## SUPPLIED DATA:
--------
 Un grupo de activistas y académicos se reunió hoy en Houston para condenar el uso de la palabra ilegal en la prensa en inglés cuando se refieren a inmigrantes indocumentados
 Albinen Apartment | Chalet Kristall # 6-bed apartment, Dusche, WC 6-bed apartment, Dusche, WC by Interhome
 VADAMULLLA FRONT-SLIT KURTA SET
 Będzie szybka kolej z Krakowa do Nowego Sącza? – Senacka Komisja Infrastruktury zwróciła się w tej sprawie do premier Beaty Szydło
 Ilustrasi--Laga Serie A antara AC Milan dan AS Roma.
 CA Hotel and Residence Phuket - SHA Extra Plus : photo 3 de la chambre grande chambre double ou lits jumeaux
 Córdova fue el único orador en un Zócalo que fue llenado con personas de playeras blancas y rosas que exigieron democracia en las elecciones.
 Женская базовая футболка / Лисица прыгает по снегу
--------
Only the lines from the one containing "Ilustrasi--Laga Serie A" through the end of the records above belong in the answer, each exactly as written.

## RESPONSE BELOW:
 Ilustrasi--Laga Serie A antara AC Milan dan AS Roma.
 CA Hotel and Residence Phuket - SHA Extra Plus : photo 3 de la chambre grande chambre double ou lits jumeaux
 Córdova fue el único orador en un Zócalo que fue llenado con personas de playeras blancas y rosas que exigieron democracia en las elecciones.
 Женская базовая футболка / Лисица прыгает по снегу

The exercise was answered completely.